Personal information
- Born: February 24, 1985 (age 41) Kinshasa, Zaire
- Listed height: 6 ft 3 in (1.91 m)
- Listed weight: 221 lb (100 kg)

Career information
- High school: Notre Dame
- College: Western Michigan University
- CFL draft: 2008: 2nd round, 16th overall pick

Career history
- 2009: Calgary Stampeders
- 2010–2012: Winnipeg Blue Bombers
- Stats at CFL.ca

= Fernand Kashama =

Congolese gridiron football player (born 1985)

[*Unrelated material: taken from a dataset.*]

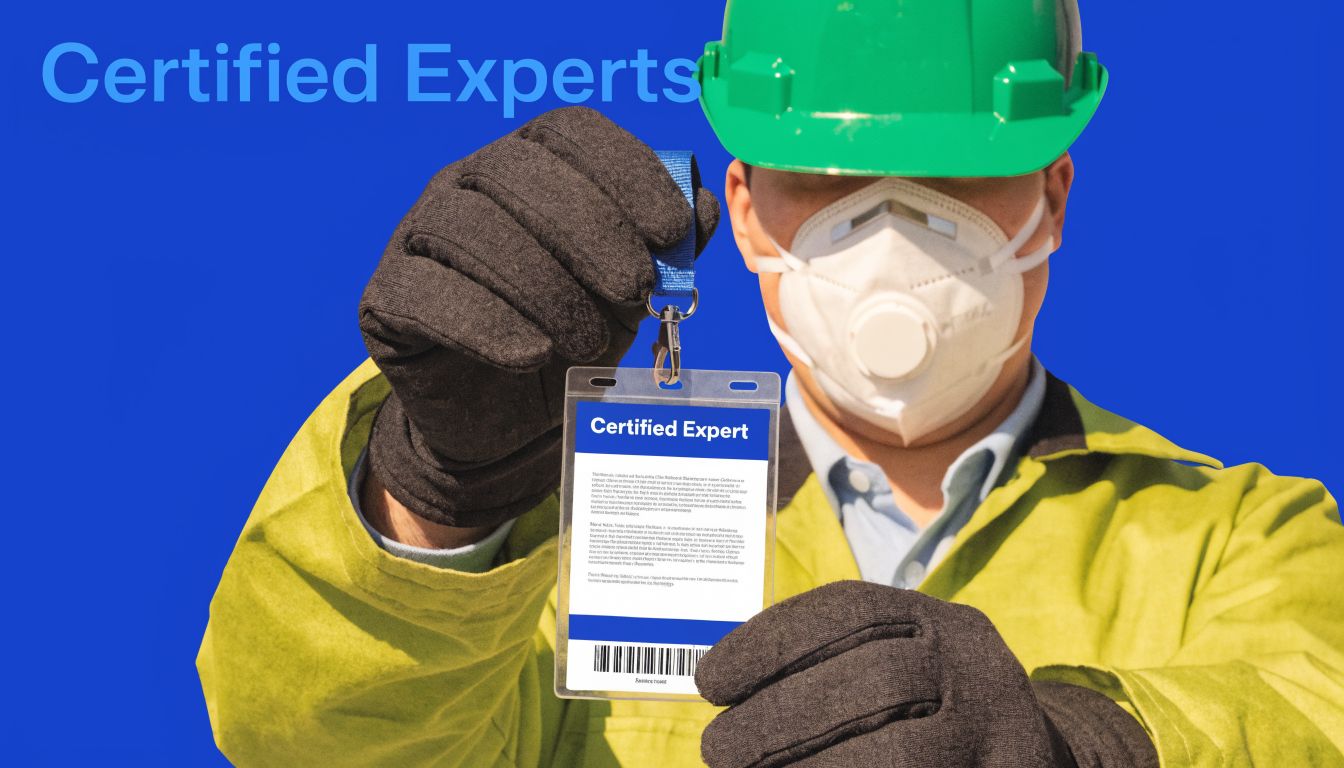 A mold remediation expert wearing a green hard hat, protective mask, and gloves holding a certified expert badge.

Fernand Kashama (born February 26, 1985) is a former Canadian football defensive lineman who played in the Canadian Football League (CFL). He was drafted by the Calgary Stampeders in the second round of the 2008 CFL draft. He played college football for the Western Michigan Broncos. He also played for the Winnipeg Blue Bombers.

==Early life==
Kashama was born on February 26, 1985, in Kinshasa, Zaire and grew up in Brampton, Ontario. During his senior season in high school, he played both wide receiver and free safety. He recorded 30 catches for 700 receiving yards.

==College career==
Kashama was recruited by Boise State, Marshall, Rutgers and Western Michigan, before eventually choosing the latter. He enrolled at the university in January 2004. He redshirted in his true freshman season in 2004. During his redshirt freshman season in 2005, he started off on the offensive scout team before being activated. After playing at tight end for Western Michigan in 2005 and 2006, he converted to defensive lineman in 2007. In his first season at the position he played in all 12 games and recorded his first career sack against Temple on November 24. Overall in his junior and senior seasons which were spent playing on the defensive line, he had 14 tackles along with the one sack.

==Professional career==
Kashama was selected by the Calgary Stampeders in the 2008 CFL draft with the 16th overall pick. He returned to Western Michigan in 2008 for his senior season before signing with Calgary on May 8, 2009. Kashama was originally listed as a linebacker when he joined Calgary but converted to fullback for the season.

On October 8, 2010, Kashama signed as a free agent with the Winnipeg Blue Bombers for the remainder of the 2010 season.

==Personal==
Kashama's older brother Alain, also plays for the Stampeders. His other brother Hakeem played for three CFL teams and his cousin Tim Biakabutuka played for the NFL's Carolina Panthers. Kashama also has a younger brother Bronley who attended Eastern Michigan University.